Two tyrosinase (DN33240_c0_g2, DN34063_c0_g2), and one glucosyltransferase (DN25823_c0_g1) were up regulated, which were involved in melanin synthesis. Three CFEM domain-containing protein, which were associated with pathogenicity were also identified. Two of them (DN36403_c6_g2, DN21054_c0_g1) were up-regulated, and one (DN27480_c0_g1) were down-regulated. Three carboxypeptidases (DN36348_c7_g7, DN34219_c0_g1, DN28578_c1_g1) were identified, which were associated with pathogenicity, and both of them were up regulated.

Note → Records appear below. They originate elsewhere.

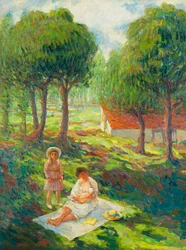 Madre e Hijo en un Paisaje
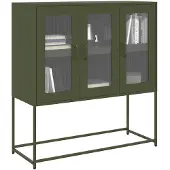 vidaXL Sideboard Olivgrün 100,5x39x107 cm Kaltgewalzter Stahl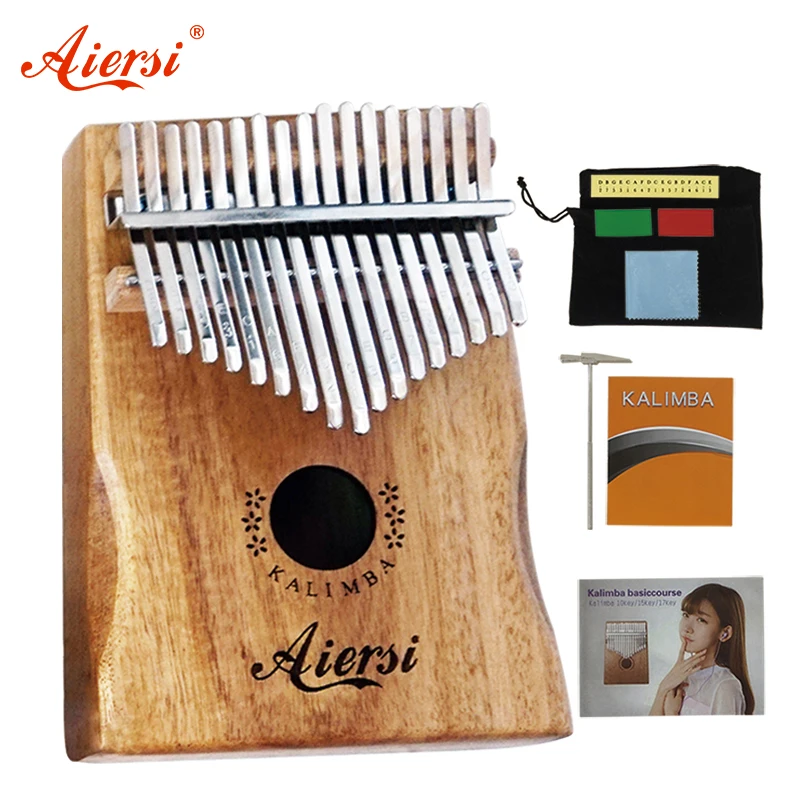 Aiersi-Solid Kalimba Music Box, Finger Piano Keyboard, Musical Instrument, Gift with Songbook Tune Hammer and Bag, 17 Keys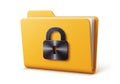 vSecure Folder Icon â Yellow File with Gray Padlock on White Background Royalty Free Stock Photo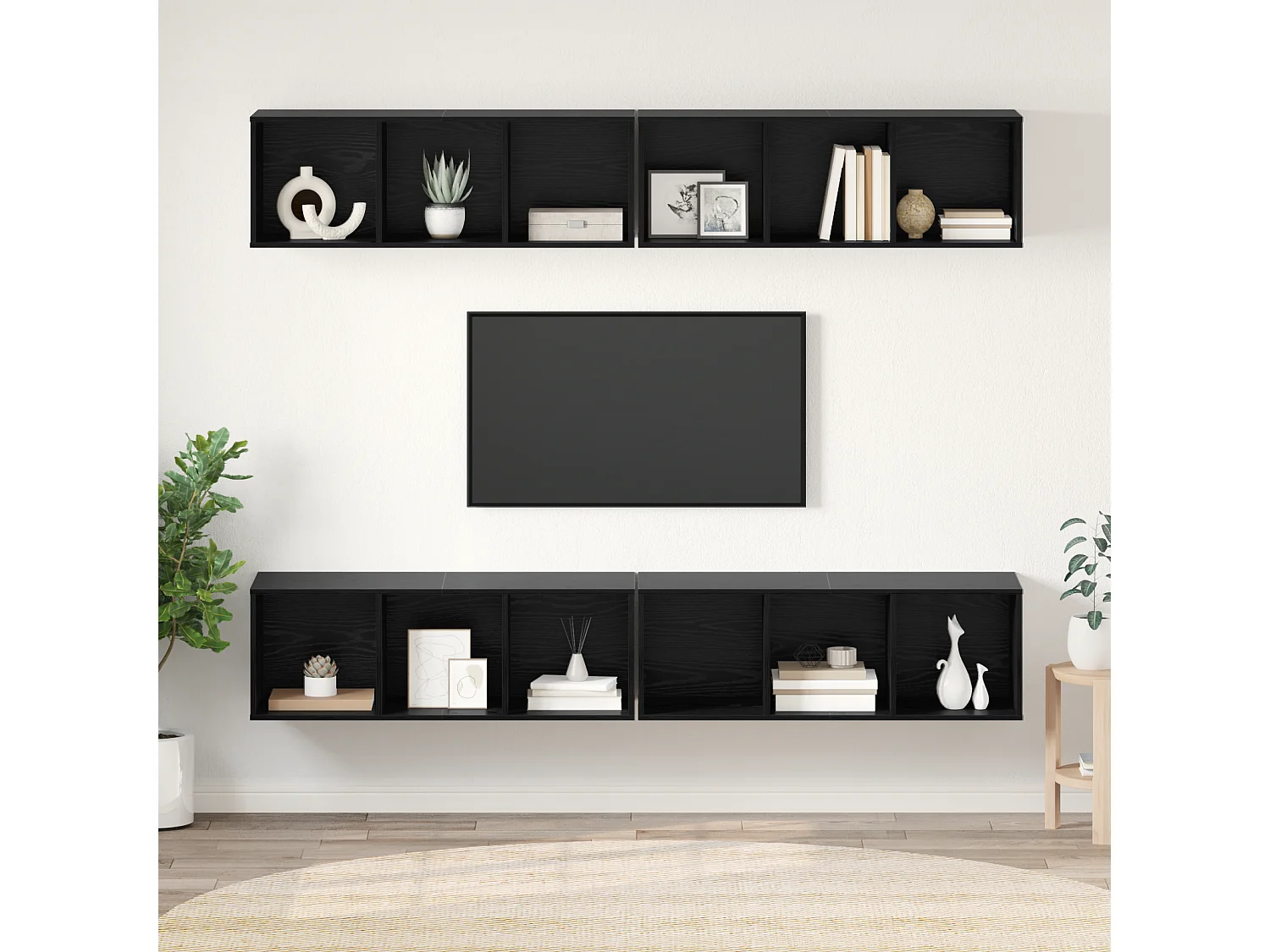 Meuble TV | Banc TV | Armoire TV mural 4 pcs Chêne noir 37 x 37 x 107,5 cm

Validation of RNA-Seq Data by Quantitative Real-Time RT-PCR
We validated the RNA-Seq data by quantitative RT-PCR for six representative genes that showed strong up-regulation or down-regulation in GC2190701 compared with FL180906. The genes used for validation, their log2 fold change, and the primer sequences are presented in Table S10. For quantitative RT-PCR, we prepared new samples following the same procedures that were used to prepare samples for RNA-SEq. The expression patterns of the selected six genes all agreed with the RNA-Seq results (Fig. 5), suggesting that the RNA-Seq results were reliable in this study.